Now the post above specifies that of these that the Iripple and L are the free parameters. I see it differently. What I want to do is fix L, iRipple, and V and then figure out the switching frequency necessary to make it work. Just for reference I'm working with a Microchip SMPS presentation that I found online. I also figured out that since there's such a wide range of V for my example, I've decided to specify a maximum ripple current at the highest input voltage. So I need 5% ripple of 40 A, which is 2A at 144V max input voltage.

Now on to the inductor. They are fixable. The peak current is twice the average current, so we need 80A. Now I have a question here. When the amperage is specified for an inductor, that has to be the amperage of the output circuit right? Since the inductor is in the loop, there is an average of 40A @ 14V running though the inductor. For example I found this inductor at Digikey. 1.5 microhenries @ 83A. So let's plug in the numbers.

Ton = 2A * 0.0000015 H / 144V = 20.8 nS

Houston I think we have a problem... Ton also has to be related to the duty cycle, which is related to the relationship of the input/output voltages:

D = Vout / Vin

Ton = D/f = Vout/ (Vin * f)

f = Vout / (Vin * Ton)

f = 14/(144 * 20.8 ns) = 4.67 Mhz

This is clearly not working. I either have to up the ripple, or raise the inductance. So say I wanted to keep the ripple current the same and limit the switching frequency to 100 khz, with the 1/46 the speed above. I'd have to raise the inductance 46 times from 1.5 uH to 70 uH. So let's look for that...
Parametric search locates this inductor but it's specified at 3A.

So what is it that I'm missing? Obviously people are building high current circuits using inductors. They are not operating in the Mhz switching frequency.

The only good thing that I've seen so far is that these inductors are not too terribly expensive. But other than that, I'm just pretty confused as to how it actually really works.

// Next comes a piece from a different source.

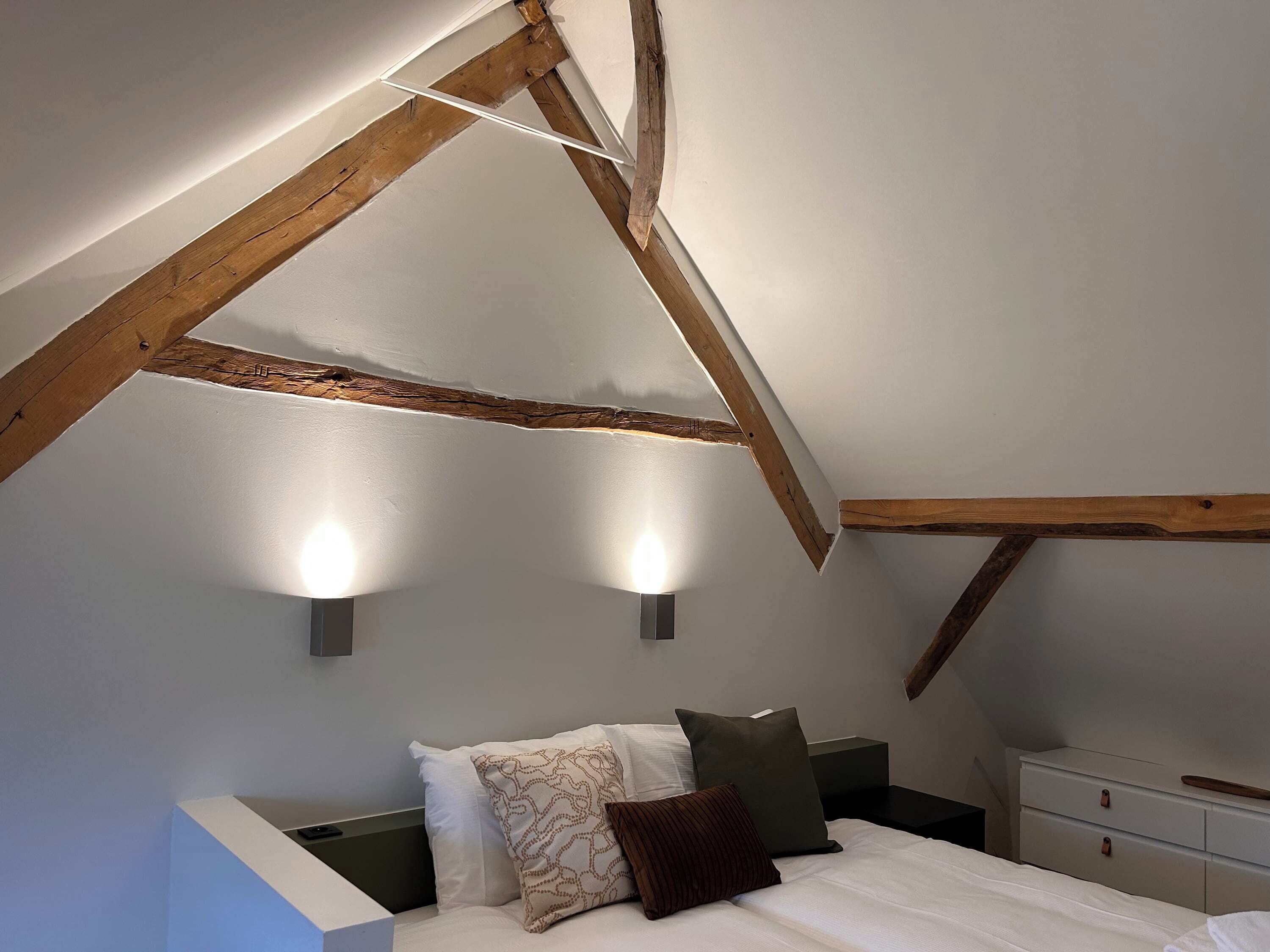 A bedroom with a sloped ceiling, exposed wooden beams, a bed with pillows, a bedside table, and wall-mounted lights.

Adding another reference for specifying inductors in power switching circuits.
ga2500ev


----------



## ga2500ev (Apr 20, 2008)

*Re: (inductor question) was: I found an outstanding coil/transformer reference.*

I think I may have stumbled into a better computation for computing L. Start with:

L = Vin * Ton / Iripple

and

Ton = (Vout / (f * Vin))

So substituting the Vin's cancel out and you're left with:

L = Vout / (f * Iripple)

I like this one better because while Vout is fixed generally, that tuning can happen by changing the frequency or the allowable Iripple. Also F and L (or Iripple and L) can be swapped if the inductor is fixed.

Useful formula.

ga2500ev


----------